> _Task statement_:
In the records below, repeat word for word only the lines starting at the one that contains "Christmas Star Of" and ending at the one that contains "Peak Кроссовки - Flash", pictures excluded.

--- Supplied data Enclosed Below ---

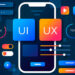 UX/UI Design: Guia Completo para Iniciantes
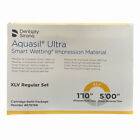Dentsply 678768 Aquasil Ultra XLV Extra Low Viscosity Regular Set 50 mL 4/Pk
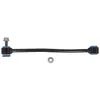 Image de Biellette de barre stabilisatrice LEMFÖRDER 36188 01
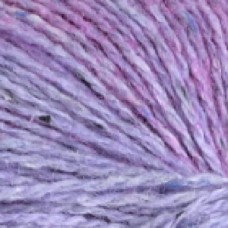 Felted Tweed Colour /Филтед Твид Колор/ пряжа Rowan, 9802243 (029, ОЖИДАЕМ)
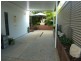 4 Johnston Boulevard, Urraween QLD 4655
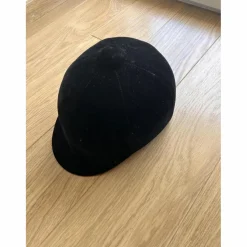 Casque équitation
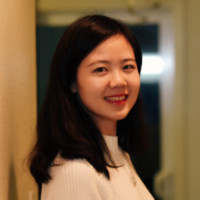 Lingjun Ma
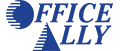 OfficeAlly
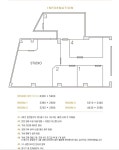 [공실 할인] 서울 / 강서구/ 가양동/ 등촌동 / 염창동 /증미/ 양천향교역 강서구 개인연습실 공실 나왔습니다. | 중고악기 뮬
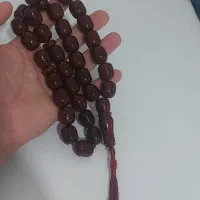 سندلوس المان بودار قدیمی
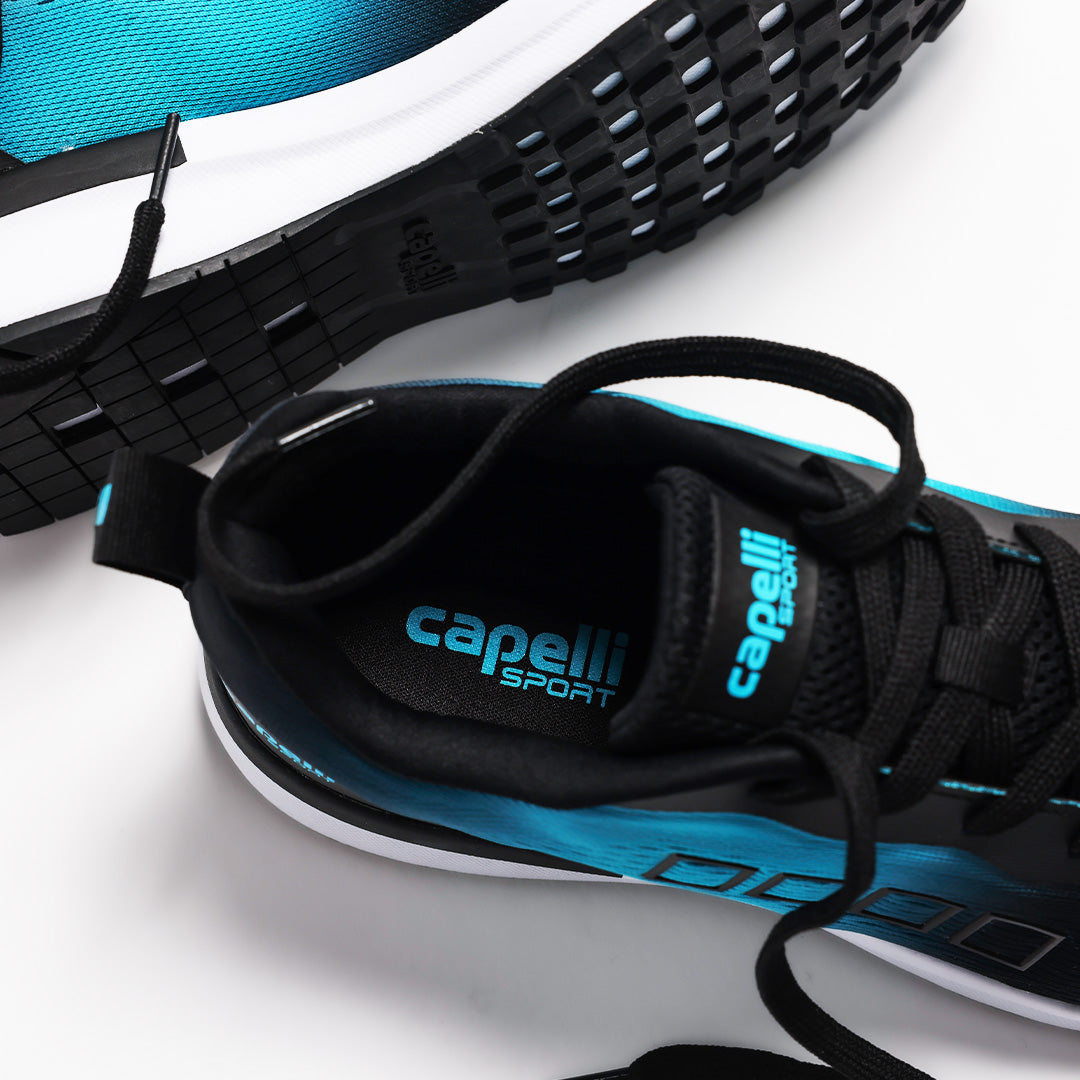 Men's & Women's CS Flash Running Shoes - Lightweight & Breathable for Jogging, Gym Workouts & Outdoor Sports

--- End of Enclosed Supplied data ---
--- Supplied data Enclosed Below ---

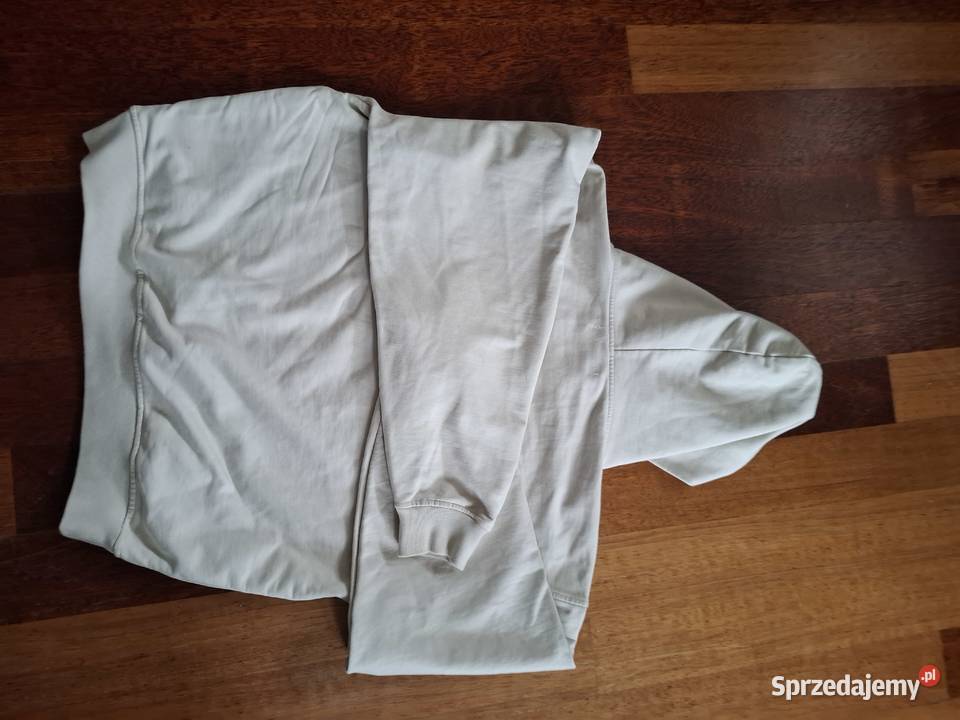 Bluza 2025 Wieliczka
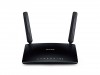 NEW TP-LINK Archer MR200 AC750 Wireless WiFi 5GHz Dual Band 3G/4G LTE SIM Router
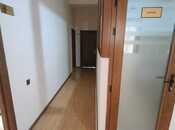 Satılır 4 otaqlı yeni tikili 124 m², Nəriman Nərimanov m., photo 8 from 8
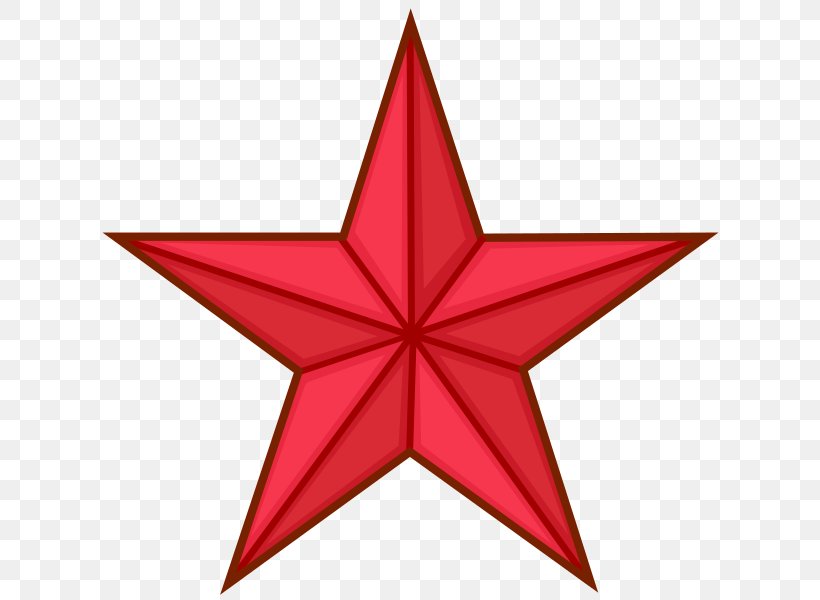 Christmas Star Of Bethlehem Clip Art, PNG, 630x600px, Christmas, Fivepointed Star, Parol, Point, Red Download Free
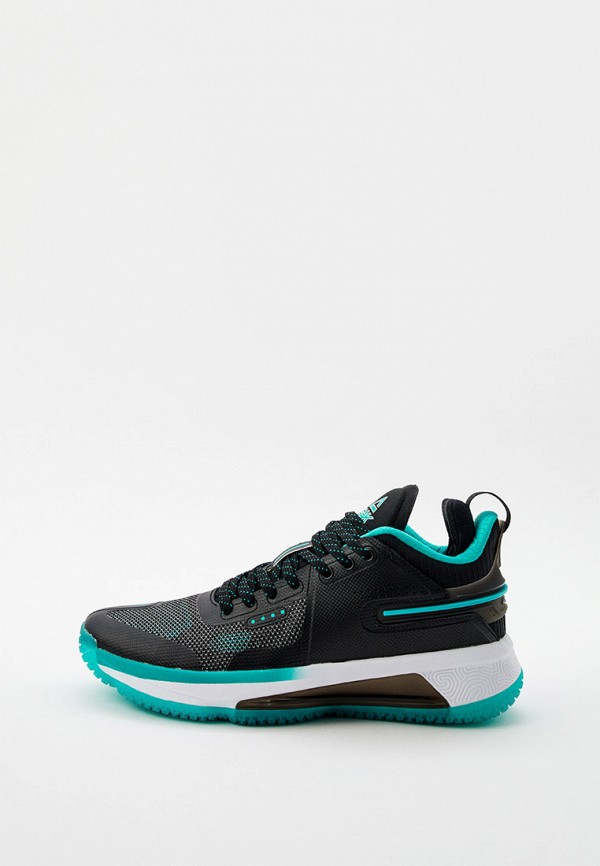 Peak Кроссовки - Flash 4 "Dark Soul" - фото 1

--- End of Enclosed Supplied data ---
--- Supplied data Enclosed Below ---

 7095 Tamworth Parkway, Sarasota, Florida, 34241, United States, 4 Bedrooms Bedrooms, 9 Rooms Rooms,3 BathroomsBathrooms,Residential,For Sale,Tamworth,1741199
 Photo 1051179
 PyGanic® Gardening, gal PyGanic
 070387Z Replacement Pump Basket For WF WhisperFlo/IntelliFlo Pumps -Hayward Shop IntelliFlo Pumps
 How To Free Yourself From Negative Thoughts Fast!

--- End of Enclosed Supplied data ---

> _Solution_:
 Christmas Star Of Bethlehem Clip Art, PNG, 630x600px, Christmas, Fivepointed Star, Parol, Point, Red Download Free
 Peak Кроссовки - Flash 4 "Dark Soul" - фото 1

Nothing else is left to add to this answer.